Next, the court found the project’s installment of lighting would not have a significant environmental effect. The court expressly noted that testimony of individual community members regarding the aesthetic or lighting effects of the project could not constitute substantial evidence showing a significant effect because CEQA is concerned with how a project will affect the environment in general, not how it will affect particular persons.  The court also agreed with the initial study’s conclusion that the vertical illuminance caused by the four new 90- or 100-foot light standards would not significantly impact nearby residences because of the lighting’s limited hours of operation, the limited number of evening events, landscaping features, and the small number (seven or less) of affected residences.

The court then dismissed Taxpayers’ argument that the project would have a significant impact on historical resources. The court found the record did not contain substantial evidence that any historical resources existed near Hoover High, nor any evidence showing that any potential historical resources may be substantially affected by the project.

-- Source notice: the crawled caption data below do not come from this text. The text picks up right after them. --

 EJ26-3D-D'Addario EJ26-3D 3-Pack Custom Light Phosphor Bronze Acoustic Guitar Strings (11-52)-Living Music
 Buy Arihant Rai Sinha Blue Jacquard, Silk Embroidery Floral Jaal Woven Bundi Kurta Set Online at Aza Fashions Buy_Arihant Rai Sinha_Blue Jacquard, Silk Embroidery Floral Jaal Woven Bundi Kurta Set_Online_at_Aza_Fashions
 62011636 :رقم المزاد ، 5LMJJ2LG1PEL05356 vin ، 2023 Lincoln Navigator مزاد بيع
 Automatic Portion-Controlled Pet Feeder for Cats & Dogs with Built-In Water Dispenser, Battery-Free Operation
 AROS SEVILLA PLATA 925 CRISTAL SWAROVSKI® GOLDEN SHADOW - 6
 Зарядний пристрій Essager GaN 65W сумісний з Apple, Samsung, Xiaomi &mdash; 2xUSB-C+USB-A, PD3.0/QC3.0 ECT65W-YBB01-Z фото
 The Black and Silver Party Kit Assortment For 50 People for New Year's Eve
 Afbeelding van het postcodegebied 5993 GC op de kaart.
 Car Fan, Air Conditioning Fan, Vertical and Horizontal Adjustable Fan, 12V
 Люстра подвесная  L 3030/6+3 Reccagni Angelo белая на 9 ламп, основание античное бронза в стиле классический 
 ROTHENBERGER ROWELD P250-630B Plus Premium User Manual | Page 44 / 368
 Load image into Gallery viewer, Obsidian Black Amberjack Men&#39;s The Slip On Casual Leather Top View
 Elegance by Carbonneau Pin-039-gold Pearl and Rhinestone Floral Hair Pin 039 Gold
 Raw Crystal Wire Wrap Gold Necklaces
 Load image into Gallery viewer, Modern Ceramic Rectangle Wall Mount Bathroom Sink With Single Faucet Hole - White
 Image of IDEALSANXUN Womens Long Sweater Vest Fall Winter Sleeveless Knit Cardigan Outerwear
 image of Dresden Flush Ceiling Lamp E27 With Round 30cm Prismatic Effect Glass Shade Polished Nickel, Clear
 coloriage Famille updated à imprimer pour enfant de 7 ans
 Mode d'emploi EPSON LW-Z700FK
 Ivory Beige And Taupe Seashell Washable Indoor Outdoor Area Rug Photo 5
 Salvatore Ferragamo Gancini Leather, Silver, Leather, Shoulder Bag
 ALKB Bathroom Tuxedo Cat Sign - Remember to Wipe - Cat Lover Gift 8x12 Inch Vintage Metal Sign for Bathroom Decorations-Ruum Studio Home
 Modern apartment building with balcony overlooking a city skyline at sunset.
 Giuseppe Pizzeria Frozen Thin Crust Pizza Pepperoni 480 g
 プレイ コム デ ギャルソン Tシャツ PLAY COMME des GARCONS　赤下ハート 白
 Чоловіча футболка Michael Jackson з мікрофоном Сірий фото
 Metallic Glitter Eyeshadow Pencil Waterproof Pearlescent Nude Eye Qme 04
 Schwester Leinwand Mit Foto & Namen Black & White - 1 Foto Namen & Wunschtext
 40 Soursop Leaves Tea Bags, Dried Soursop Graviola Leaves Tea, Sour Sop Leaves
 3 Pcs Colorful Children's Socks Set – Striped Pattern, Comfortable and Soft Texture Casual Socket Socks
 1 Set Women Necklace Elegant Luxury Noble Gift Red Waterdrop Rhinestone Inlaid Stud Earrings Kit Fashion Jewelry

Finally, the court addressed issues regarding traffic and parking impacts. As a preliminary matter, the court noted that the lack of a reasonable estimate of expected attendance at future events could make the district’s assessment of traffic and parking impacts inadequate. The court disapproved of the district’s choice to base projected attendance at future Hoover High evening football games on the average attendance of games at five other high schools in the district. The court found that the district should have calculated and considered the actual attendance at past Hoover High afternoon football games as a baseline figure for estimations of attendance at future evening games. Because the district did not have sufficient information about the estimated attendance, the court determined it could not have properly reached a conclusion about the potential significance of the project’s impacts on parking and traffic.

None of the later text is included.